I know these bikes weren’t “high end” when they were new but they are rare to find, especially mostly original.  In fact, I’ve never actually seen one in person.   I was pretty excited today when it arrived. My father was out of town and brought it back with him. It’s got the blue handlebars, rims, seat and pedals. Anyway, here it is.


----------



## detroitbike (Dec 23, 2018)

I was a dealer of these when new. I still have a few of the Catalogs.
  The distributor was Fred Wilkins out of Somerset, New Jersey.
  He was also the Shogun Distributor .  My best seller was the All white Saintropez Freestyle bike.


----------



## Vintagedad (Dec 23, 2018)

detroitbike said:


> I was a dealer of these when new.
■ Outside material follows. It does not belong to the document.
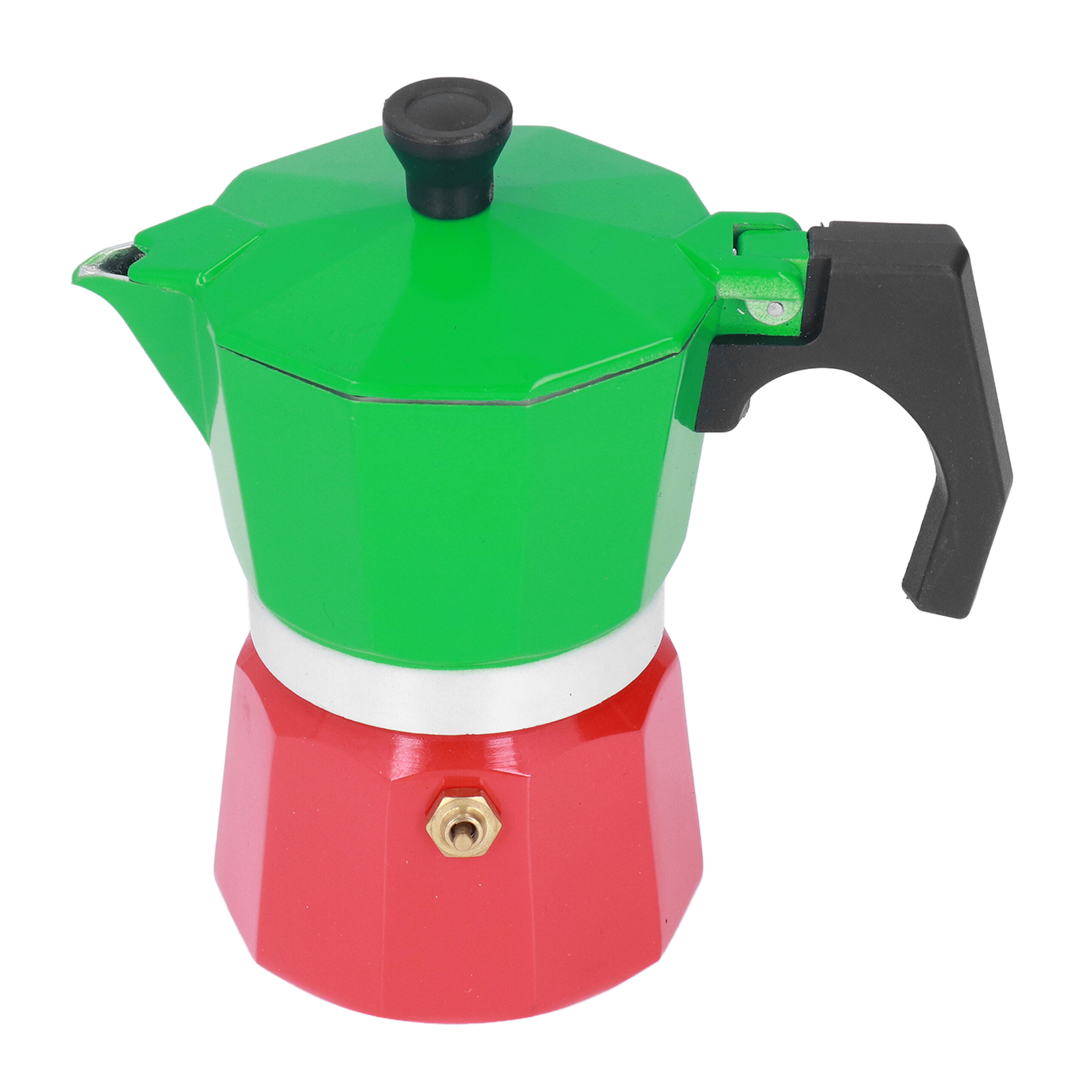 Espressokocher Für Den Herd, Kräftiger, Aromatisierter Espresso Im Italienischen Stil, Mokkakanne, Achteckig, 3 Farben, 3 Tassen (150 Ml)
I still have a few of the Catalogs.
> The distributor was Fred Wilkins out of Somerset, New Jersey.
> He was also the Shogun Distributor .  My best seller was the All white Saintropez Freestyle bike.




Wow that’s awesome! This bike came from NJ so who knows maybe you sold this one many years ago. I’d like to see those catalogs if possible. I don’t know if you can scan any of the pages and post them here? Or maybe take some pictures of them and post them here?


----------



## detroitbike (Dec 24, 2018)

A few catalog pix


----------



## Vintagedad (Dec 25, 2018)

Wow those are sweet thanks for sharing! What year is that catalog from? I’m trying to date the bike I have too. Unfortunately I can’t find any serial number info on it. The first number on the serial number is partially worn off but I think it may be a 2 so I was thinking 82?


----------



## detroitbike (Dec 29, 2018)

Here’s one I have in my garage up north. I sold it new . Decent example.


----------



## Vintagedad (Dec 30, 2018)

That bike is nice! Wish mine was that clean. I can see why that one was one of your best sellers. What year is that? Thanks for sharing.  If you find a catalog with the bike I have in it let me know I’d like to see it. 

Unfortunately, I think mine was stored outside at some point so it’s developed some areas of rust. I’m considering a sand blast and powder coat but I’ll never be able to find anymore stickers for it so I’m on the fence. I’ve started some initial work I can do on removing it for now.


----------